[Data for processing]:
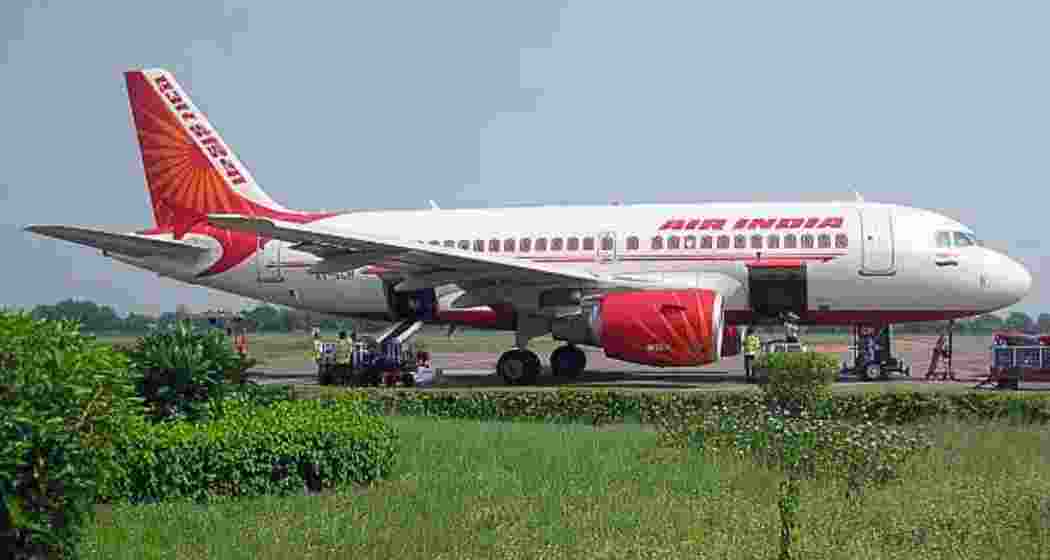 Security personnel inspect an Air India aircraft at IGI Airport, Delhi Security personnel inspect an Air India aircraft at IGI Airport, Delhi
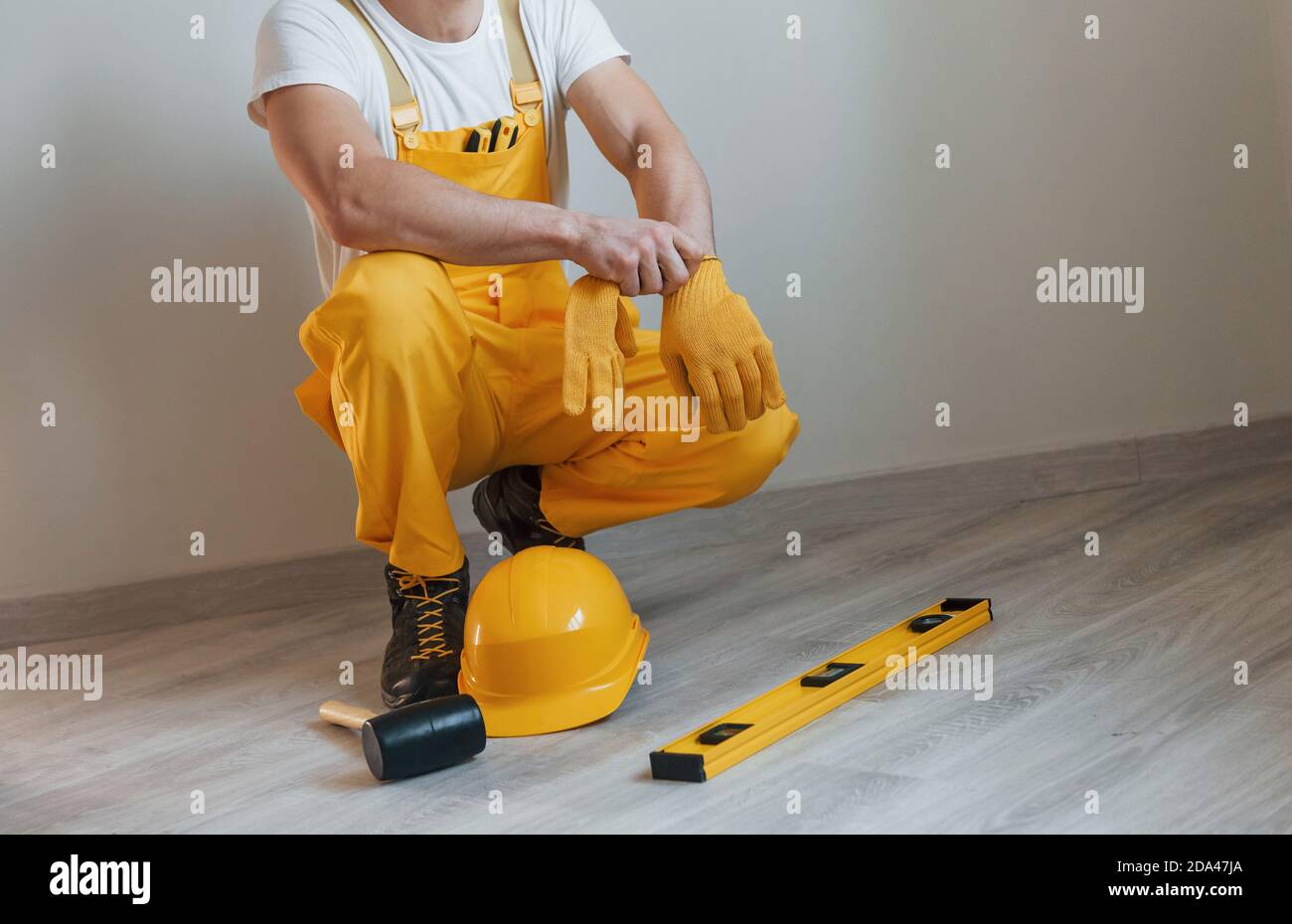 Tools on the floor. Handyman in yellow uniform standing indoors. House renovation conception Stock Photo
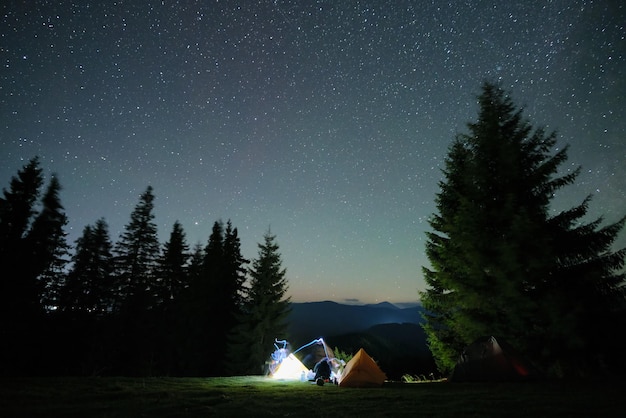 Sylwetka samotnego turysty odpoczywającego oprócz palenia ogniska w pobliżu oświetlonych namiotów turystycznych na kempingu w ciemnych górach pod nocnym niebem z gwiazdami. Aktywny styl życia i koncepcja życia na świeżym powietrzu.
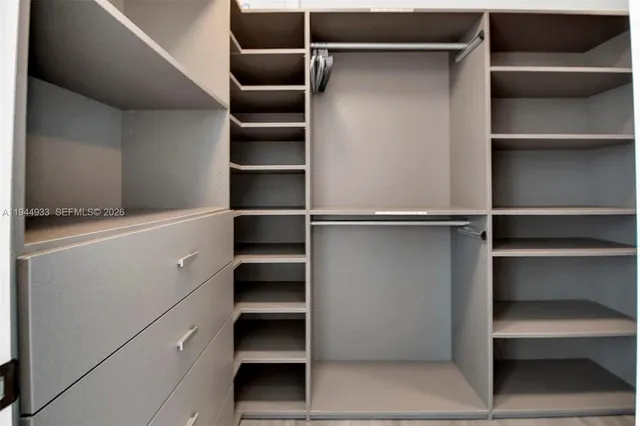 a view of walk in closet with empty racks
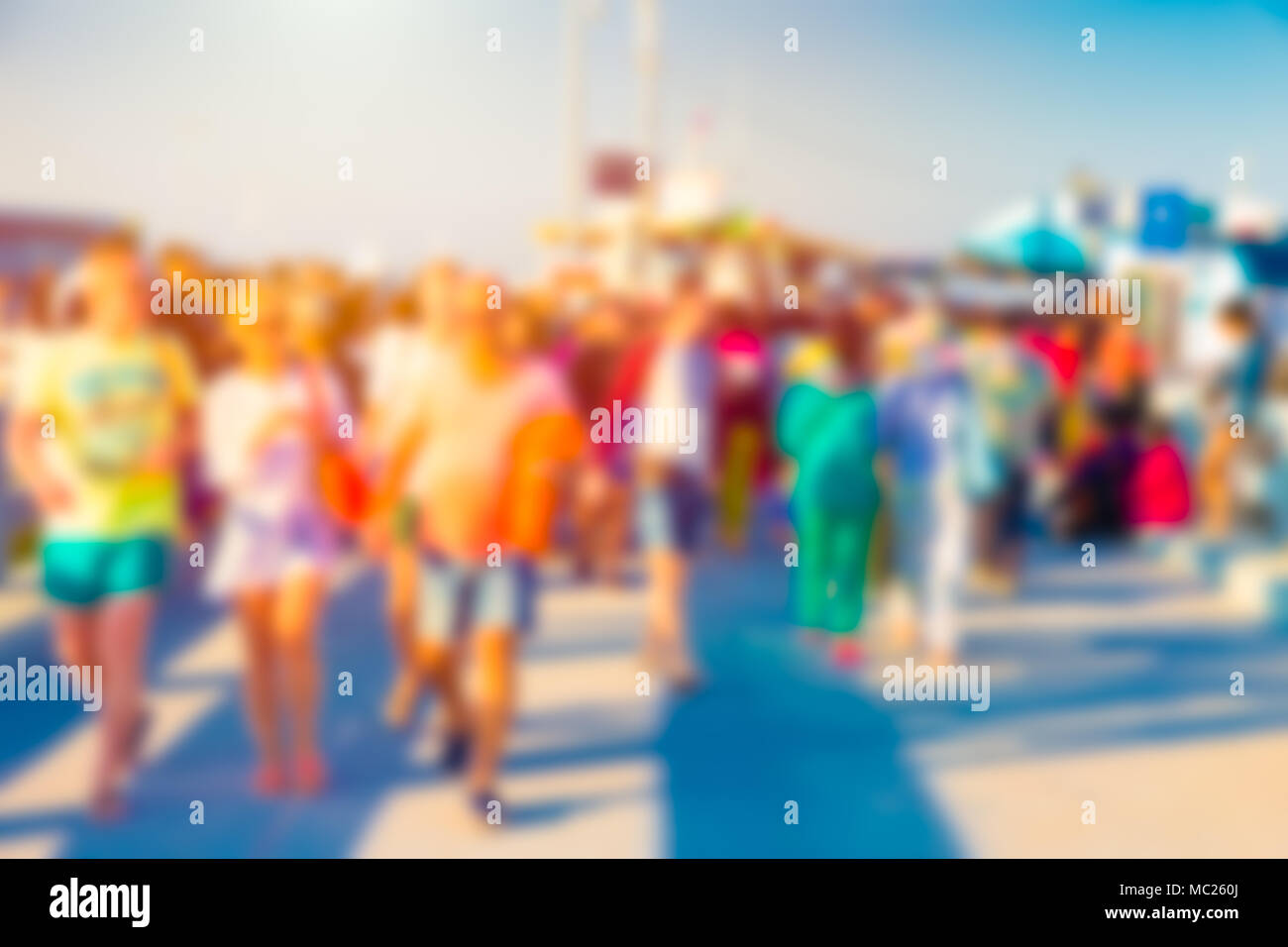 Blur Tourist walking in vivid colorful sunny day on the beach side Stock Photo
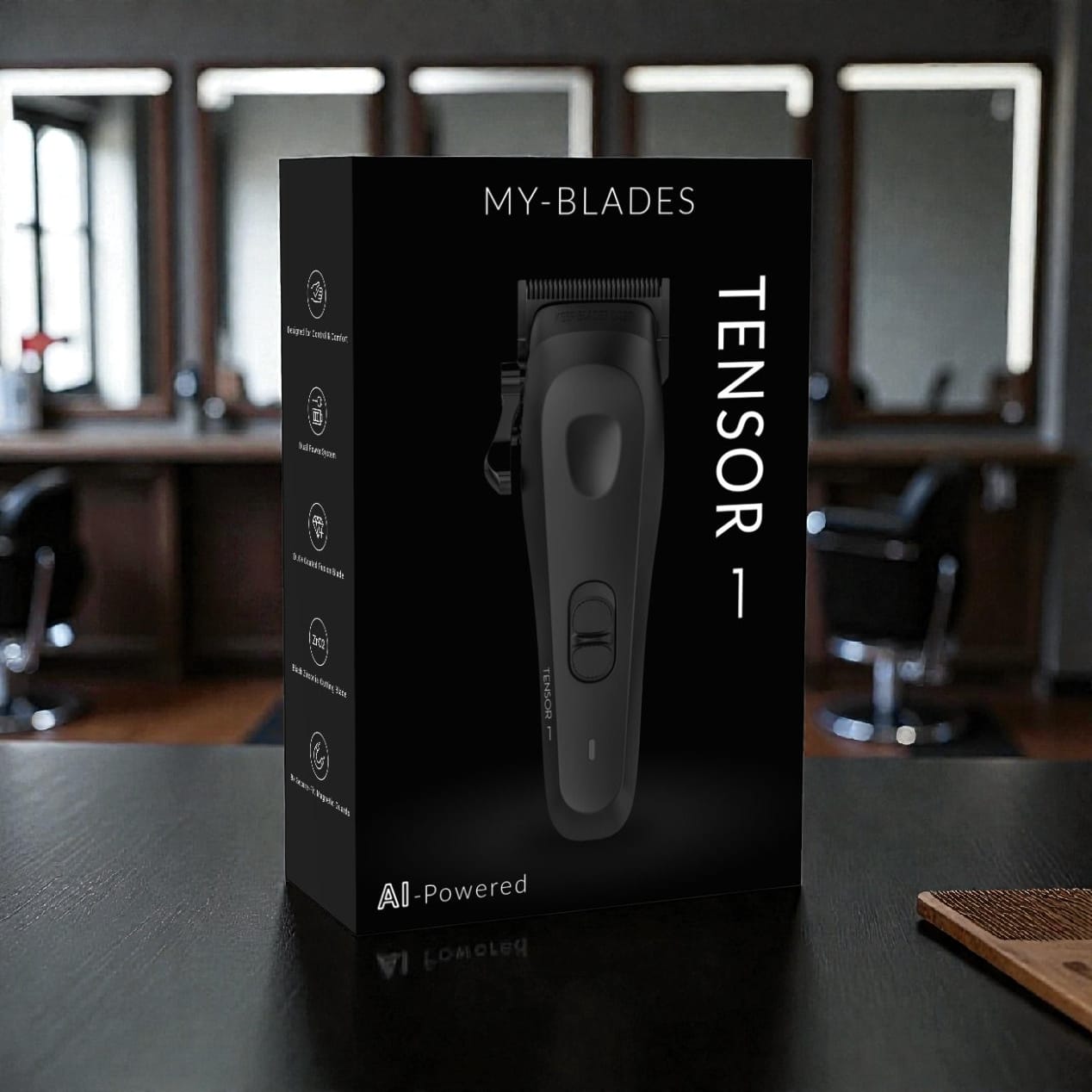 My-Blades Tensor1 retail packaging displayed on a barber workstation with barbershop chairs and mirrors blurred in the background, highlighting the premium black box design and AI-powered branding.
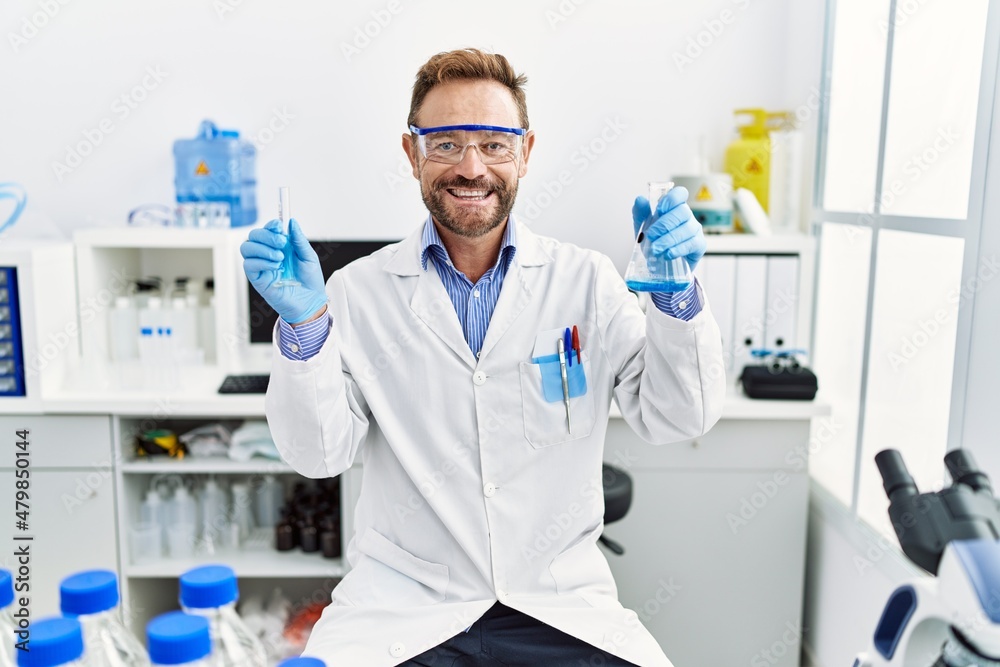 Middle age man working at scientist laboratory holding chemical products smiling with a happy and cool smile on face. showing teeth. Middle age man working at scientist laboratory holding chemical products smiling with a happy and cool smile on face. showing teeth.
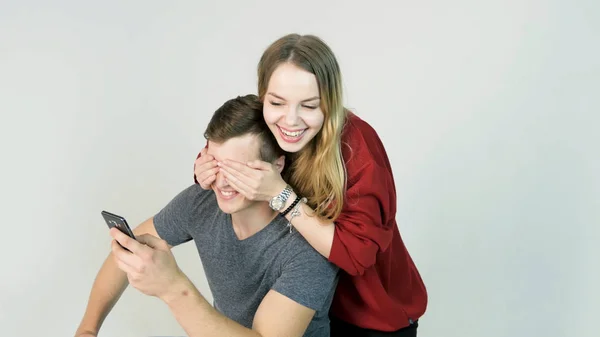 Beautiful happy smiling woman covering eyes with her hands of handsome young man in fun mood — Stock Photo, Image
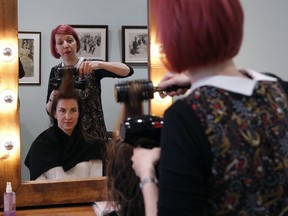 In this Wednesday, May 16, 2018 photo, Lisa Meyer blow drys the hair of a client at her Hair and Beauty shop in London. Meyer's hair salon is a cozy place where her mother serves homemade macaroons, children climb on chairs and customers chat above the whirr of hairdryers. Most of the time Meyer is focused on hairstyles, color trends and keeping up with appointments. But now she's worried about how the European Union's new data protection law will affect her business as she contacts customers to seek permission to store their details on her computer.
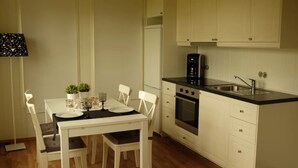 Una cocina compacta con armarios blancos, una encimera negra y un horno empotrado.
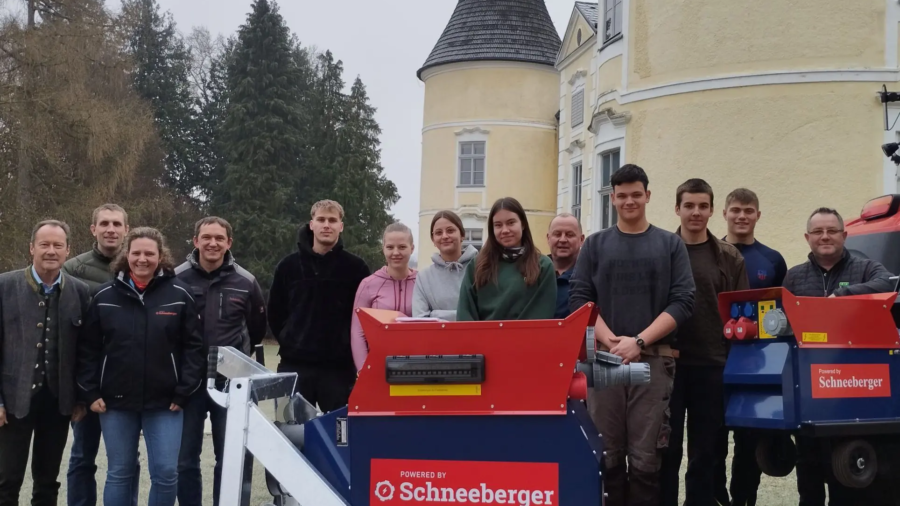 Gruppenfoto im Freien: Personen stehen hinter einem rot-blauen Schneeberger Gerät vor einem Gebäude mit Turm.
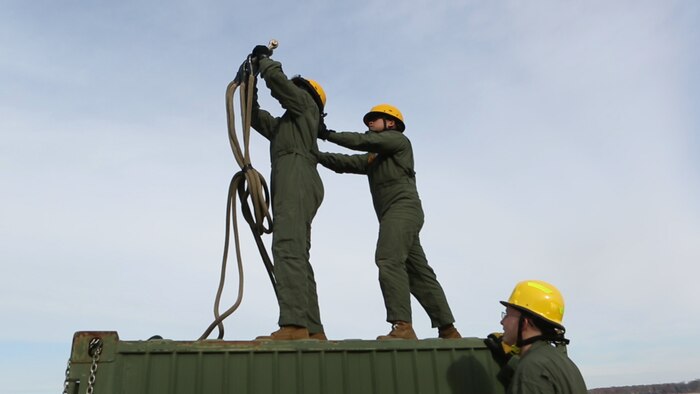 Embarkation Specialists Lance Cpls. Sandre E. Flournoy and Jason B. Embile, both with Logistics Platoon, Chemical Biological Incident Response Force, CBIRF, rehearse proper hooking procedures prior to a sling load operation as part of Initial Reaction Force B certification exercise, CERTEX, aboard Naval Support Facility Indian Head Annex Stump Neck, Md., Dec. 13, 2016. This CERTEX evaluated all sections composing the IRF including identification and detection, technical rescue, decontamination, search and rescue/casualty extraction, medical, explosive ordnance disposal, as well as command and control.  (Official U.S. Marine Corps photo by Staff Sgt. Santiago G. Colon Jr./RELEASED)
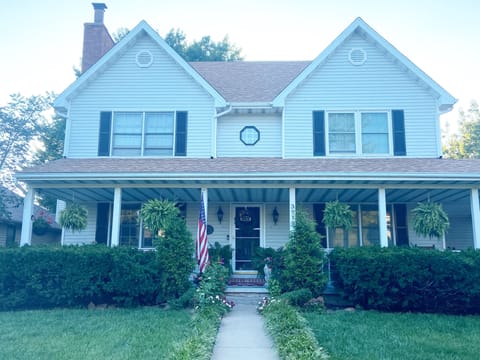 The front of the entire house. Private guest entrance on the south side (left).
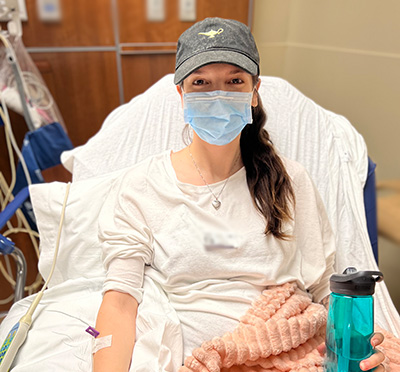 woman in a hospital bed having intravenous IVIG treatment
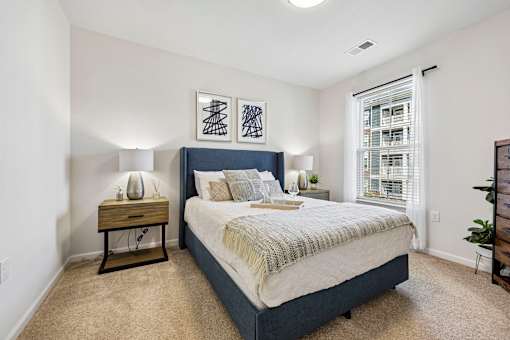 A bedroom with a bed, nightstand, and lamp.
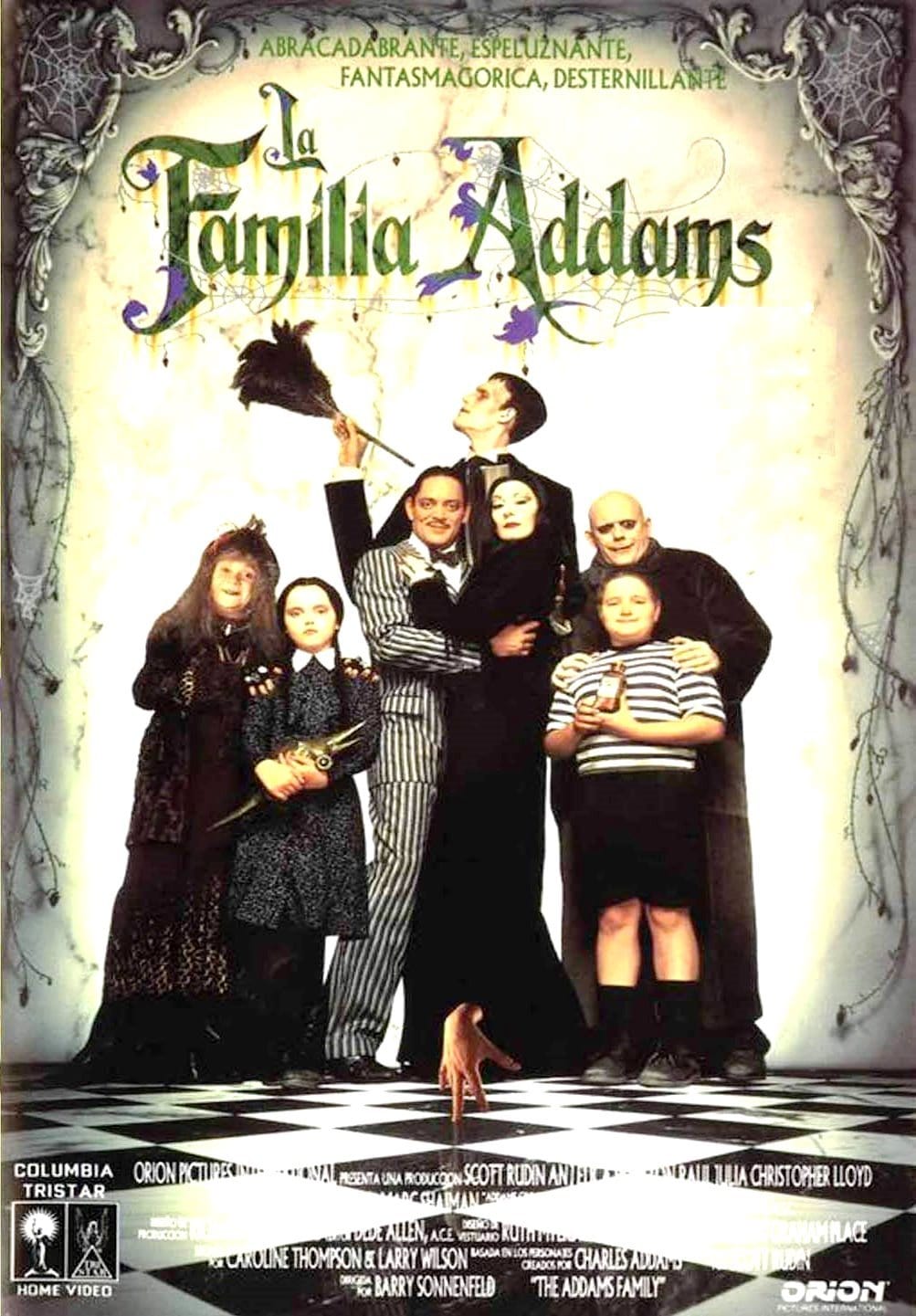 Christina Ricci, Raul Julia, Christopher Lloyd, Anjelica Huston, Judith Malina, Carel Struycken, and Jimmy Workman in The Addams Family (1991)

[Exercise brief]:
Reproduce precisely the lines of the listing above, from the line containing "Embarkation Specialists Lance" to the last line, both ends included. Pictures are to be omitted.

[Solution below]:
 Embarkation Specialists Lance Cpls. Sandre E. Flournoy and Jason B. Embile, both with Logistics Platoon, Chemical Biological Incident Response Force, CBIRF, rehearse proper hooking procedures prior to a sling load operation as part of Initial Reaction Force B certification exercise, CERTEX, aboard Naval Support Facility Indian Head Annex Stump Neck, Md., Dec. 13, 2016. This CERTEX evaluated all sections composing the IRF including identification and detection, technical rescue, decontamination, search and rescue/casualty extraction, medical, explosive ordnance disposal, as well as command and control.  (Official U.S. Marine Corps photo by Staff Sgt. Santiago G. Colon Jr./RELEASED)
 The front of the entire house. Private guest entrance on the south side (left).
 woman in a hospital bed having intravenous IVIG treatment
 A bedroom with a bed, nightstand, and lamp.
 Christina Ricci, Raul Julia, Christopher Lloyd, Anjelica Huston, Judith Malina, Carel Struycken, and Jimmy Workman in The Addams Family (1991)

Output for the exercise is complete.